Kalau soal moratorium itu masih cukup logis. Katakanlah moratorium 3 bulan, jadi dalam kurun waktu itu tidak ada pengiriman TKI. Namun yang masih bekerja di Saudi ya dibiarkan bekerja.
Kalau harus menarik TKI dari Saudi, apakah Anda rasa Indonesia sudah cukup berani?
Saya kira ini dilematis. Harus lebih bijak dalam melihat persoalan. Kalau menarik TKI maka pemerintah harus menyediakan lapangan kerja. Kalau lapangan kerja tersedia banyak maka bukan masalah menarik TKI dari Saudi. Karena idealnya, warga negara Indonesia ya harus cari makan di Indonesia. Kalau ini belum memungkinkan maka dipersilakan mencari kerja di tempat lain dengan tingkat risiko yang lebih rendah.
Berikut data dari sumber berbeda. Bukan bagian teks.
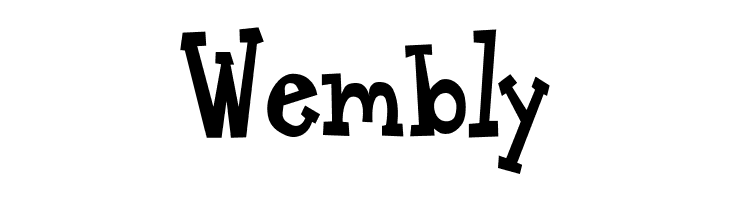 Alan-Font  Free Fonts Download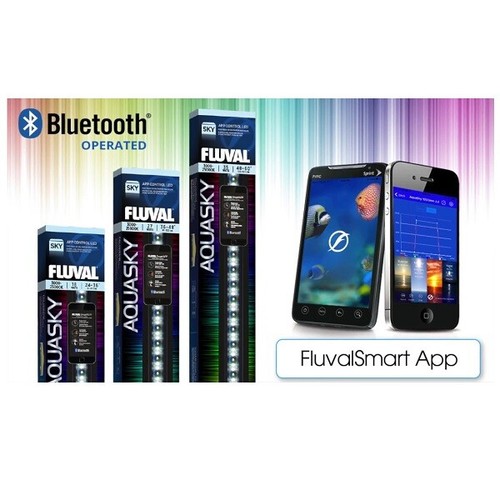 Fluval aquasky led - fluval,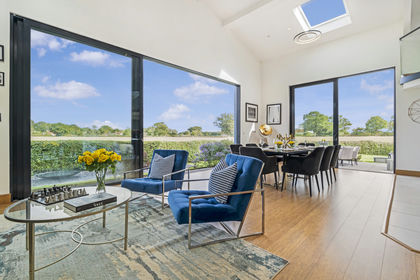 Barn Conversion for sale in Ashford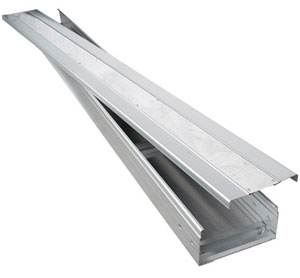 扬中不锈钢电缆桥架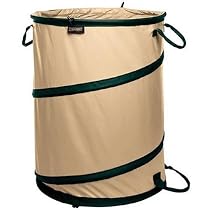 Fiskars 9405 Kangaroo 30-Gallon Gardening Container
TKI kita di Saudi kan sebagian besar adalah PRT. Kabarnya Kemenakertrans sudah mendorong agar yang dikirim adalah tenaga kerja yang lebih terdidik dan terlatih. Kalau itu terlaksana artinya sektor yang diincar lebih baik secara sosial. Jadi ke depannya, pekerja informal di industri, pertambangan, hotel dan sebagainya bisa ditingkatkan.
Hubungan Indonesia dan Saudi bisa memanas karena kasus TKI?
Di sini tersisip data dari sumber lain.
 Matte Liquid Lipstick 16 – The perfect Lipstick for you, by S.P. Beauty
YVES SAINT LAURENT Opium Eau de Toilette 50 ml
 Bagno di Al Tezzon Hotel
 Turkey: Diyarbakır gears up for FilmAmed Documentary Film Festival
Kasus ini sudah sering terulang, sehingga tentu akan mempengaruhi hubungan diplomatik, dan kalau selalu terulang tidak bagus untuk kedua negara. Pemerintah Indonesia butuh Saudi dan sebaliknya Saudi juga butuh Indonesia. Hubungan keduanya harus dijaga dengan baik oleh kedua belah pihak.
Ke depan kalau ada eksekusi ya sebaiknya otoritas Saudi memberi tahu Indonesia, mengundang otoritas Indonesia. Kalau tidak maka akan dipertanyakan etikanya, meski sistem hukum mereka begitu. Saya kira kalau soal ini jangan kaku.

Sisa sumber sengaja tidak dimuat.